AWS Lambda Now Knows Where It Lives: Exploring the New AZ Metadata

March 21, 2026 ·13 min read ·

Lambda was the last holdout. EC2 has had its Instance Metadata Service since the beginning. ECS and Fargate have their task metadata endpoints. But Lambda? If your function needed to know which Availability Zone it was running in, you were out of luck - unless you enjoyed building elaborate workarounds with private API Gateway endpoints and DescribeNetworkInterfaces calls.

On March 19, 2026, AWS quietly fixed this with a new metadata endpoint that exposes the AZ ID of the execution environment. No VPC is required, no IAM permissions are needed, and there are no API calls to external services. It's just a localhost HTTP endpoint that returns your AZ in under a millisecond.

I built a small demo app to explore three practical uses for this new metadata, using Powertools for AWS Lambda for observability throughout (I wrote about Powertools best practices previously). The code is on GitHub if you want to deploy it yourself.

What's in the Box

Lambda now sets two new reserved environment variables in every execution environment:

Variable	Description
`AWS_LAMBDA_METADATA_API`	Address of the metadata server (e.g., `169.254.100.1:9001`)
`AWS_LAMBDA_METADATA_TOKEN`	Auth token unique to this execution environment

You make a GET request to the endpoint with the token as a Bearer header, and you get back your AZ ID:

GET http://${AWS_LAMBDA_METADATA_API}/2026-01-15/metadata/execution-environment
Authorization: Bearer ${AWS_LAMBDA_METADATA_TOKEN}

{
  "AvailabilityZoneID": "use1-az1"
}

That's it. The response is cached for 12 hours and marked immutable - it never changes within an execution environment.

Powertools for AWS Lambda makes it even simpler:

from aws_lambda_powertools.utilities.metadata import get_lambda_metadata

metadata = get_lambda_metadata()
az_id = metadata.availability_zone_id  # "use1-az1"

Powertools handles the caching and SnapStart invalidation automatically.

AZ IDs vs AZ Names

One important detail: the metadata returns AZ IDs (use1-az1), not AZ names (us-east-1a). This matters because AZ IDs are consistent across all AWS accounts - use1-az1 is always the same physical data center regardless of which account you're in. AZ names are mapped differently per account to distribute load, so my us-east-1a might be a completely different physical zone than yours.

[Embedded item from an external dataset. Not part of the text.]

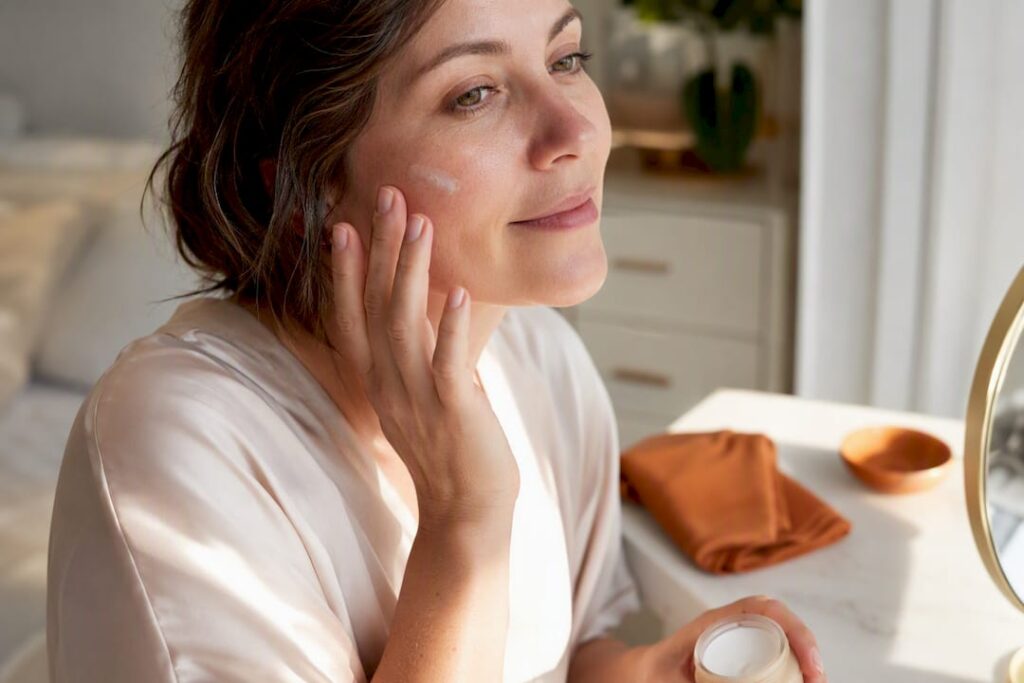 Woman applying barrier cream to cheek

If you need the AZ name for your account, you can resolve it with a single EC2 API call:

ec2 = boto3.client("ec2")
resp = ec2.describe_availability_zones(
    Filters=[{"Name": "zone-id", "Values": ["use1-az1"]}]
)
az_name = resp["AvailabilityZones"][0]["ZoneName"]  # "us-east-1a"

Cache this - it does not change.

The Demo App

I built a single Lambda function with three API routes using Powertools Event Handler, deployed with SAM. Each route demonstrates a different use case for the new AZ metadata.

Architecture Diagram

Service	Purpose
API Gateway	REST API with X-Ray tracing
Lambda (Python 3.13, ARM64)	Single function, 3 routes via Powertools Event Handler
Powertools Layer	Logger, Tracer, Metrics, Event Handler, Lambda Metadata
CloudWatch Dashboard	Invocations, cold starts, routing, and chaos metrics by AZ

The Foundation: AZ-Enriched Observability

Before getting to the three routes, the most important pattern is in the module initialization and handler. I resolve the AZ ID once during cold start and set it as a default metric dimension:

from aws_lambda_powertools import Logger, Metrics, Tracer
from aws_lambda_powertools.event_handler import APIGatewayRestResolver

logger = Logger()
tracer = Tracer()
metrics = Metrics()
app = APIGatewayRestResolver()

# Resolve AZ ID at module level - metadata endpoint is localhost, sub-millisecond
AZ_ID = _init_az_id()

# Every custom metric gets the AZ dimension automatically
if AZ_ID != "unknown":
    metrics.set_default_dimensions(AvailabilityZoneID=AZ_ID)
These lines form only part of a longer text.